Syd Worgan

Personal information
- Nationality: British
- Born: 1917 Llanharan, Wales
- Died: 9 July 1996 (aged 78–79)
- Weight: featherweight

Boxing career

Boxing record
- Total fights: 51
- Wins: 20
- Win by KO: 2
- Losses: 21
- Draws: 10
- No contests: 0

= Syd Worgan =

Syd Worgan (1917 – 9 July 1996) was a professional boxer from Wales. Born in Llanharan Worgan was notable for becoming the Welsh featherweight champion in 1944.

==Personal history==
Worgan was born in Llanharan in 1917 and was one of six brothers. A coal miner by occupation, he worked at the local pit, Llanharan Colliery. In 1959 he and his wife Dilys became owners of the Bear Inn in Llantrisant and kept the establishment until his retirement in 1985.

==Boxing career==
Although Worgan had no history of boxing in his family, he became interested in the sport when he was given a pair of boxing gloves by his only sister, Elizabeth. He turned professional at the age of 18 and in his career is reported to have fought in approximately 150 bouts, though as of 2010, BoxRec has only 51 recorded contests. He began training in the small Turberville room on Chapel Road just off Llanharan Square, before moving to the High Corner yard. His trainers at this time were Billy Watkins and Bert Harris.

On his way to his 1944 challenge for the Welsh featherweight title, Worgan met several of Britain's best fighters. He lost to two lightweight ex-champions, Len Beynon in 1939 and Cuthbert Taylor in 1940, but he also took wins over George Pook, a future South-West featherweight champion and Warren Kendall who would become Welsh lightweight champion in 1948. Worgan made headlines in 1941 when he faced the World number two Ritchie "Kid" Tanner of British Guyana, beating him on points. In 1942 Worgan, now under the management of ex-fighter Billy "Kid" Hughes, faced his most notable adversary Nel Tarleton. Tarleton was the Commonwealth champion who in 1934 lost on points to Freddie Miller for the NBA title in 1934. The match was held at the Royal Albert Hall on 30 March and was scheduled for eight rounds. The match went the distance with Worgan losing on a points decision. Despite being beaten Worgan later commented that 'Nel was one of the greatest in the game.' Worgan faced Tarleton on another two occasions, losing both on points decisions, in Liverpool in 1942 and Nottingham in 1943.
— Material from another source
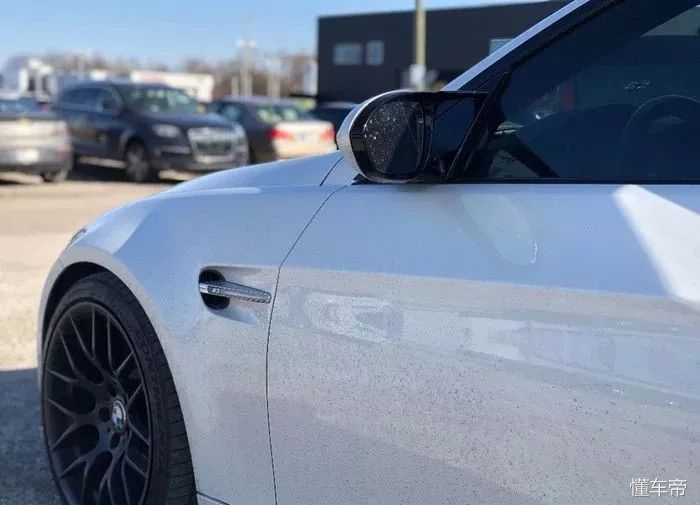 自己动手丰衣足食！M4排气阀门控制器DIY,清洗刹车详解！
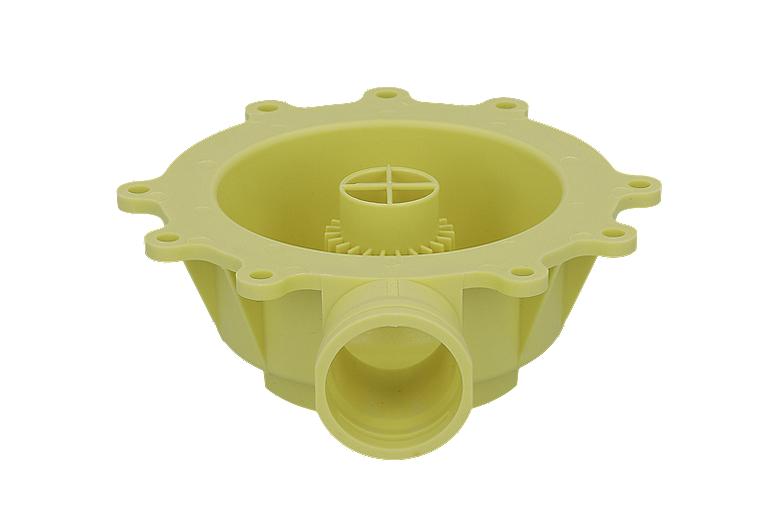 Gas-Mischeinrichtung SIT d18 gelb 24/26 kW, Fondital 6MIXERAG11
On 11 November 1944, Worgan fought Tommy Davies from Nantyglo for the vacant Welsh featherweight title. The fifteen-round match was contested in Newport, south Wales with Worgan taking the bout on points. Worgan continued fighting until 1949 with irregular results. Boxing News wrote of him, "Worgan is worth while watching; he has the uncanny sense of timing. His punches and all his movements are harmonious without being theatrical".

==Bibliography==
- Lee, Tony (2009). "All in My Corner: A tribute to some forgotten Welsh boxing heroes"
- Witts, T.J. (1988). "The Forgotten Years, volume 2: a history of Llanharan & district"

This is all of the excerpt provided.